And the linking loader was born.

这就是链接加载器(linking loader)的由来。

LINKERS 链接器

The linking loader allowed programmers to divide their programs up onto separately compilable and loadable segments. This worked well when relatively small programs were being linked with relatively small libraries. However, in the late 1960s and early 1970s, programmers got more ambitious, and their programs got a lot bigger.

链接加载器让程序员们可以将程序切分成多个可被分别编译、加载的程序段。在程序规模较小、外部链接也较少的情况,这个方案一直都很好用。然而在 20 世纪 60 年代末期到 70 年代初期的那段时间里,程序的规模突然有了大幅的增长,情况就有所不同了。

Eventually, the linking loaders were too slow to tolerate.
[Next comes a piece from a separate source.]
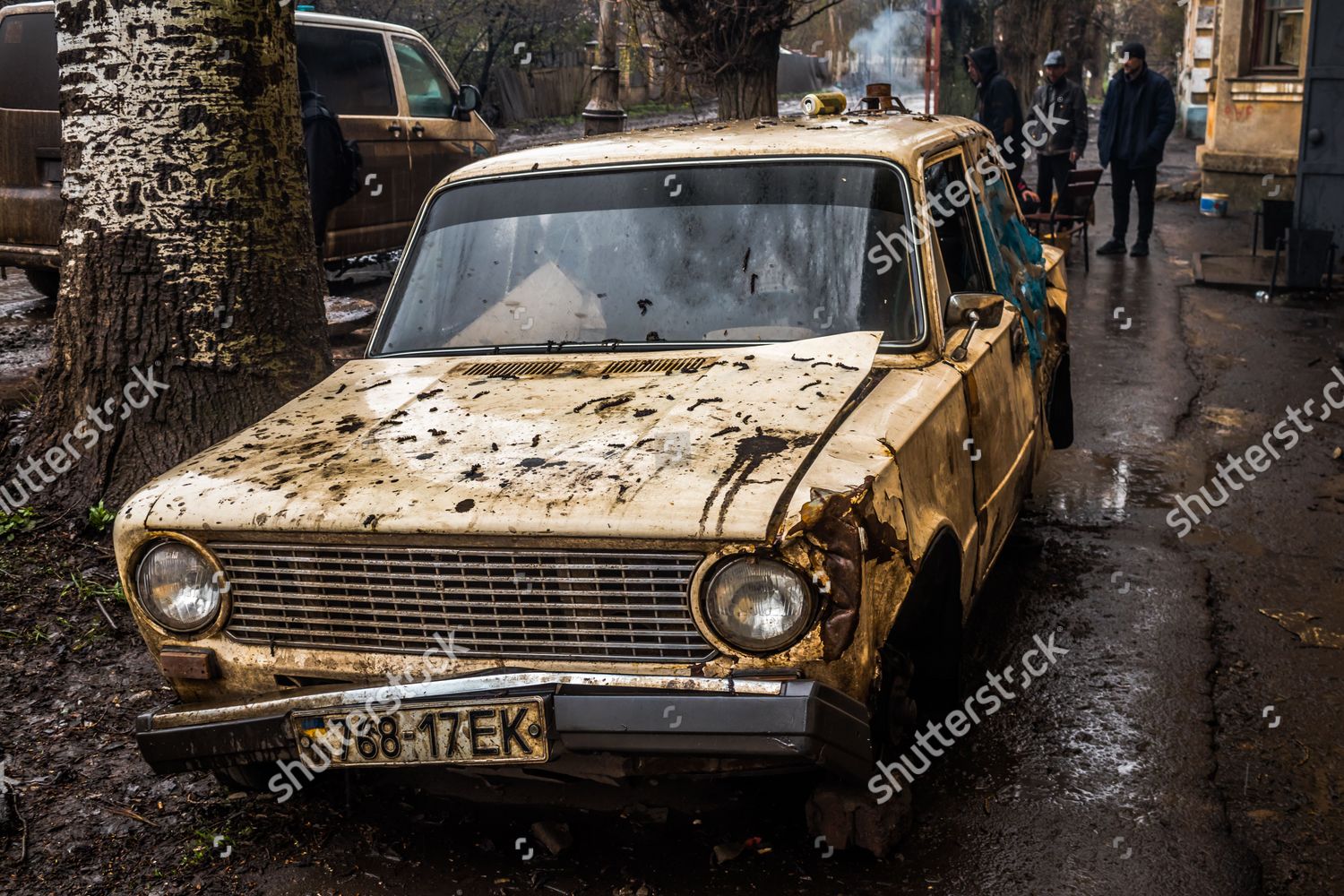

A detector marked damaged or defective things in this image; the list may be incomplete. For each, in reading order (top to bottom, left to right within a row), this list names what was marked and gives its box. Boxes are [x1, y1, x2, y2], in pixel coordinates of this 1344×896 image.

cracked windshield [375, 161, 925, 353]
rusty car hood [140, 332, 885, 534]
destroyed lada automobile [121, 99, 1082, 853]
damaged front bumper [134, 674, 874, 785]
Function libraries were stored on slow devices such a magnetic tape. Even the disks, back then, were quite slow. Using these relatively slow devices, the linking loaders had to read dozens, if not hundreds, of binary libraries to resolve the external references. As programs grew larger and larger, and more library functions accumulated in libraries, a linking loader could take more than an hour just to load the program.

显然在这种情况下,链接加载器的处理过程实在是太慢了。且不说函数库当时还存储在磁带卷这样的低速存储设备上,即使是存储在磁盘上,其存取速度也是很慢的。毕竟,链接加载器在加载处理过程中必须要读取几十个甚至几百个二进制库文件来解析外部引用。因此随着程序规模的扩大,以及函数库中函数的累积,链接加载器的加载过程经常会出现需要一个多小时才能完成的情况。
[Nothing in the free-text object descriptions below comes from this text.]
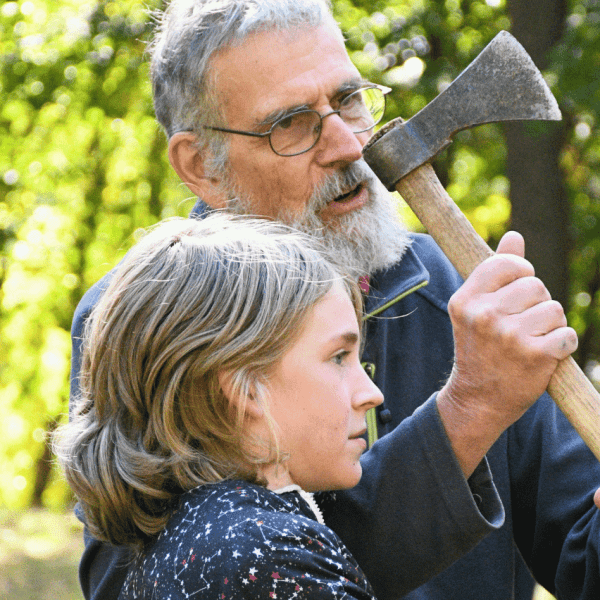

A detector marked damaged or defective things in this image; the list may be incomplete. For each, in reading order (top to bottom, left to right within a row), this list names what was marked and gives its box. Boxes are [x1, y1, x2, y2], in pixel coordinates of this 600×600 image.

rusty axe [364, 30, 600, 462] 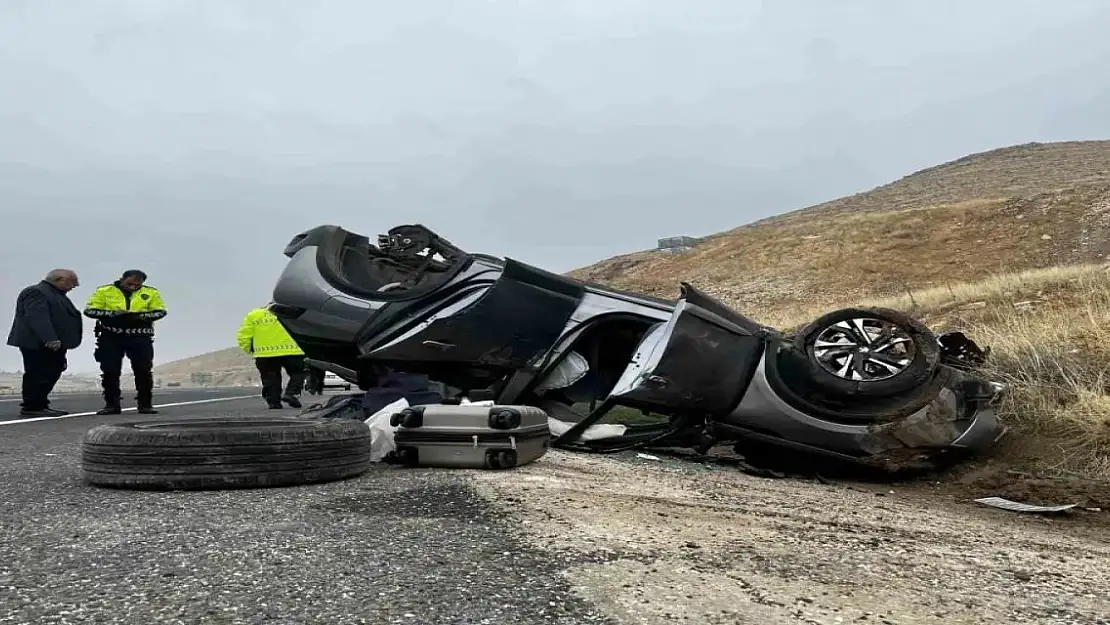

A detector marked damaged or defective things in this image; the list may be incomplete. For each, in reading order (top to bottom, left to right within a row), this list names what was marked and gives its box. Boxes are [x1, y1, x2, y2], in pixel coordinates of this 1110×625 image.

detached tire [80, 417, 372, 490]
overturned car [268, 222, 1007, 472]
damaged car body [268, 222, 1007, 472]
detached tire [794, 306, 941, 399] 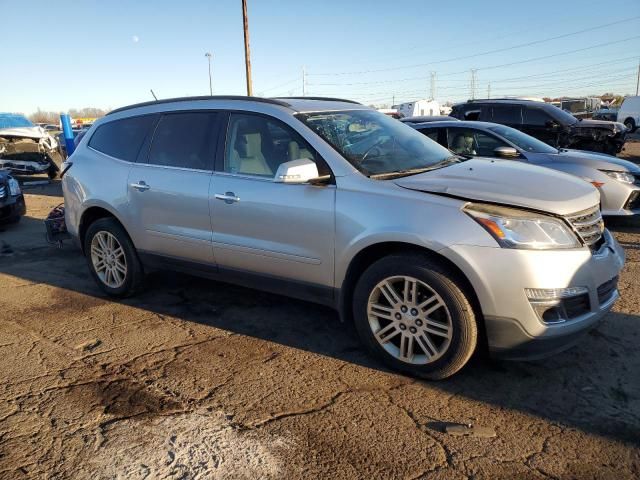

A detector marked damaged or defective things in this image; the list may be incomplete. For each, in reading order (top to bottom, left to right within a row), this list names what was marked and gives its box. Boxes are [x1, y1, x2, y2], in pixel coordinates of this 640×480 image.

damaged white car [0, 113, 61, 178]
Eventually, the loading and the linking were separated into two phases. Programmers took the slow part—the part that did that linking—and put it into a separate application called the linker. The output of the linker was a linked relocatable that a relocating loader could load very quickly. This allowed programmers to prepare an executable using the slow linker, but then they could load it quickly, at any time.

最后,程序员们只能将加载过程和链接过程也进行分离。他们将耗时较长的部分——链接部分——放到了一个单独的程序中去进行,这个程序就是所谓的链接器(linker)。链接器的输出是一个已经完成了外部链接的、可以重定位的二进制文件,这种文件可以由一个支持重定位的加载器迅速加载到内存中。这使得程序员可以用缓慢的链接器生产出可以很快进行多次加载的可执行文件。

Then came the 1980s. Programmers were working in C or some other high-level language. As their ambitions grew, so did their programs. Programs that numbered hundreds of thousands of lines of code were not unusual.

时间继续推移到了 20 世纪 80 年代,程序员们在那时己经用上了 C 这样的高级编程语言,程序的规模也得到了进一步的扩大,源代码行数超过几十万行在当时己经是很普遍的事了。

Source modules were compiled from .c files into .o files, and then fed into the linker to create executable files that could be quickly loaded. Compiling each individual module was relatively fast, but compiling all the modules took a bit of time. The linker would then take even more time. Turnaround had again grown to an hour or more in many cases.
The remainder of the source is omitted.